Secundilactobacillus

Scientific classification
- Domain: Bacteria
- Kingdom: Bacillati
- Phylum: Bacillota
- Class: Bacilli
- Order: Lactobacillales
- Family: Lactobacillaceae
- Genus: Secundilactobacillus Zheng et al. 2020
- Type species: Secundilactobacillus malefermentans (Farrow et al. 1989) Zheng et al. 2020
- Species: See text.

= Secundilactobacillus =

Genus of bacteria

Secundilactobacillus is a genus of lactic acid bacteria containing secondary fermenters separated from the primary fermenters of Lactobacillus after the latter group depletes hexoses and disaccharides. These Gram-positive, rod-shaped heterofermenters have been isolated from beer and apple cider, and they are generally incapable of reducing fructose to mannitol.

==Species==

Using whole-genome sequencing, Zheng et al. 2020 reclassified twelve Lactobacillus species into the novel genera Secundilactobacillus.

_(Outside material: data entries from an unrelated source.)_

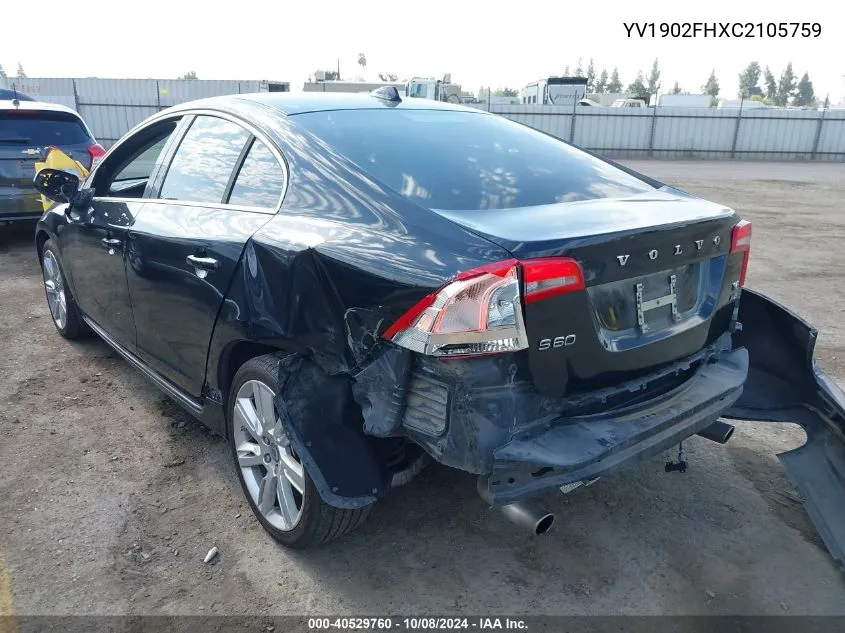 2012 Volvo S60 T6 VIN: YV1902FHXC2105759 Lot: 40529760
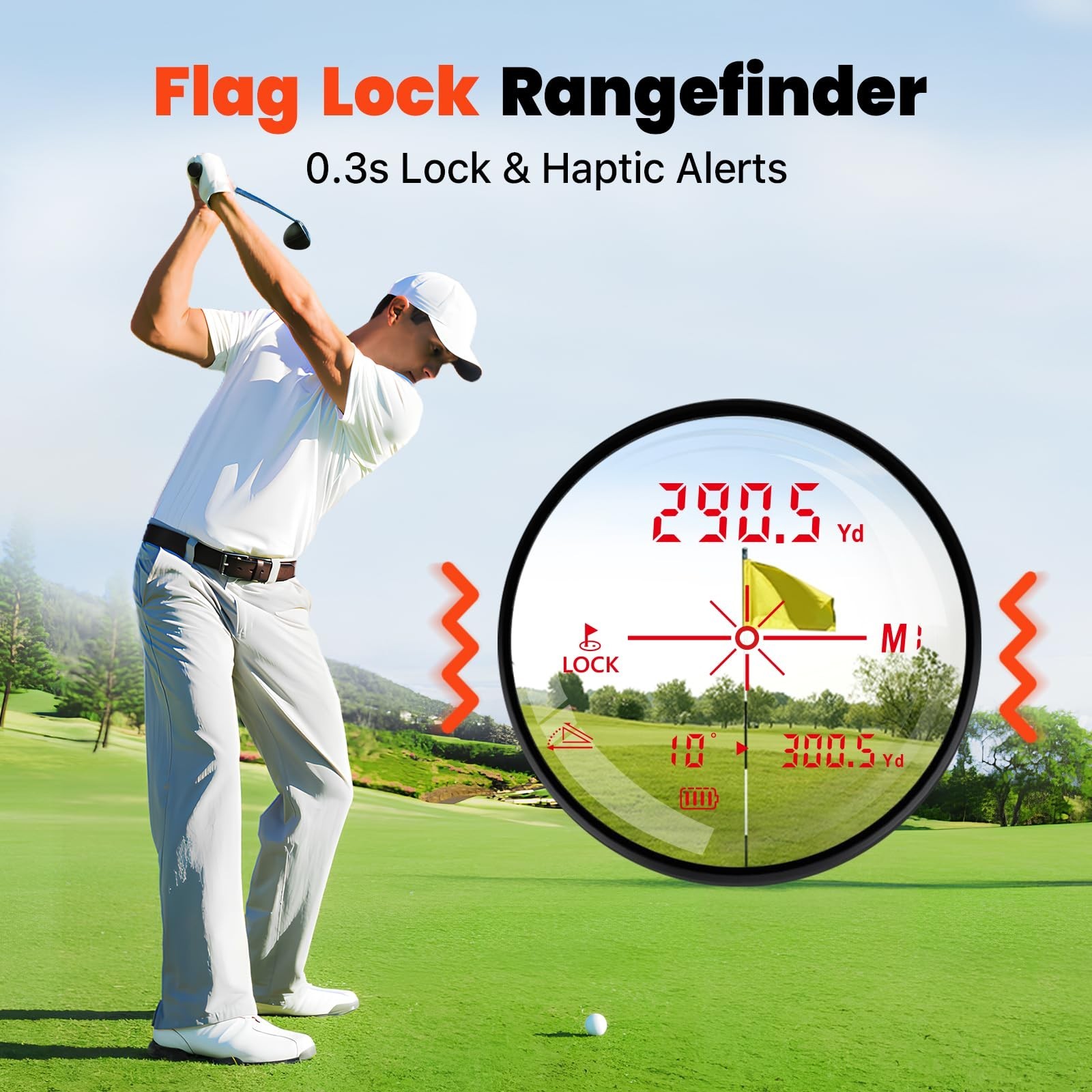 Golf Laser Rangefinder with Slope, 1500Y Range Finder, 0.3s Flagpole Locking ...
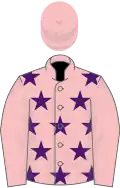 Pink, purple stars, pink sleeves, purple stars on cap
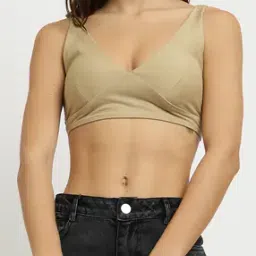 Shein Casual Slip-On V neck Micro crop Knit Top-picture-35
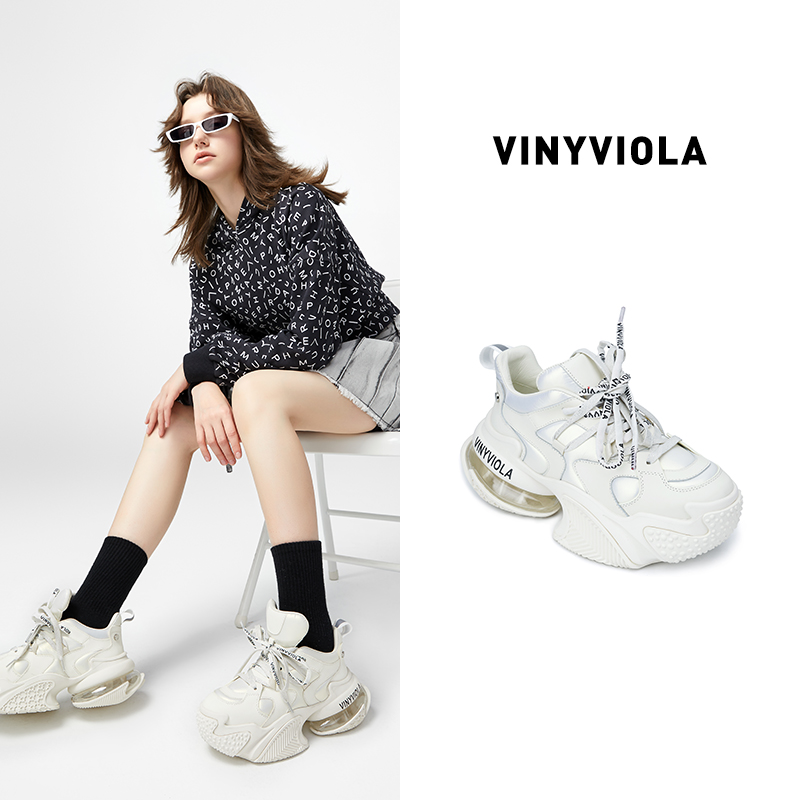 VINYVIOLA23年春夏新款增高老爹鞋女【奕·粉白幻影】A1-1012-2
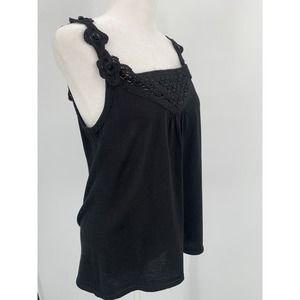 Magaschoni Silk Blend Tank Beaded Top Blouse Black Womens Small Crochet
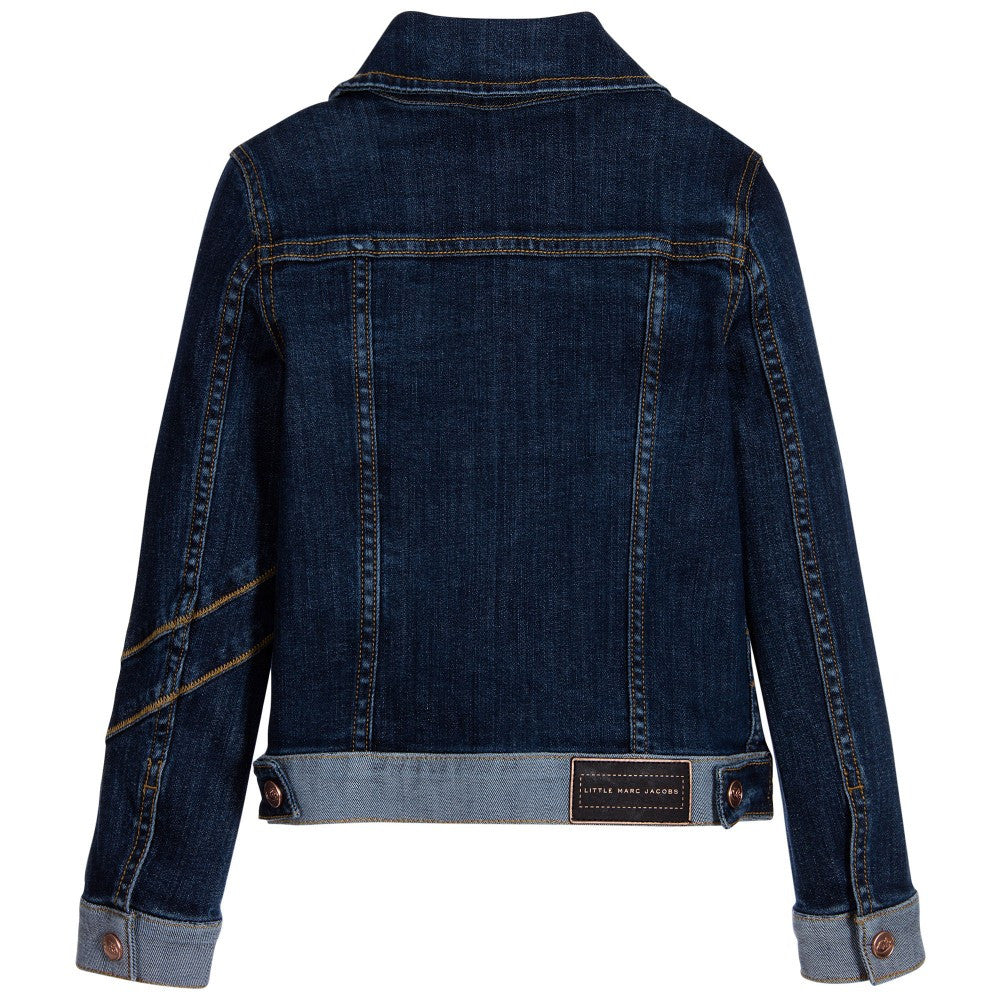 Little Marc Jacobs Girls Blue Denim Jacket with Patches (Mini-Me) Girls Tops Little Marc Jacobs [Petit_New_York]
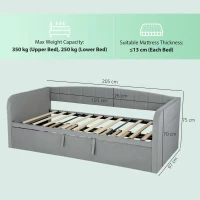 HOMCOM Letto Divano 3 Posti con Lettino Estraibile Convertibile in Letto Matrimoniale,205x186x75 cm, Grigio Chiaro(m-3)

The List of Prokaryotic names with Standing in Nomenclature (LPSN) currently recognizes fifteen member species:
- Secundilactobacillus angelensis Zhang et al. 2022
- Secundilactobacillus collinoides (Carr and Davies 1972) Zheng et al. 2020
- Secundilactobacillus folii Phuengjayaem et al. 2021
- Secundilactobacillus hailunensis Liu et al. 2021
- Secundilactobacillus kimchicus (Liang et al. 2011) Zheng et al. 2020
- Secundilactobacillus malefermentans (Farrow et al. 1989) Zheng et al. 2020
- Secundilactobacillus mixtipabuli (Tohno et al. 2015) Zheng et al. 2020
- Secundilactobacillus odoratitofui (Chao et al. 2010) Zheng et al. 2020
- Secundilactobacillus oryzae (Tohno et al. 2013) Zheng et al. 2020
- Secundilactobacillus paracollinoides (Suzuki et al. 2004) Zheng et al. 2020
- Secundilactobacillus pentosiphilus (Tohno et al. 2017) Zheng et al. 2020
- Secundilactobacillus silagei (Tohno et al. 2013) Zheng et al. 2020
- Secundilactobacillus silagincola (Tohno et al. 2017) Zheng et al. 2020
- Secundilactobacillus similis (Kitahara et al. 2010) Zheng et al. 2020
- Secundilactobacillus yichangensis Liu et al. 2021

These species have genomes sizes ranging from 1.85 Mbp for S. oryzae to 3.62 Mbp for S. collinoides, and their GC-content ranges from 41.03-47%.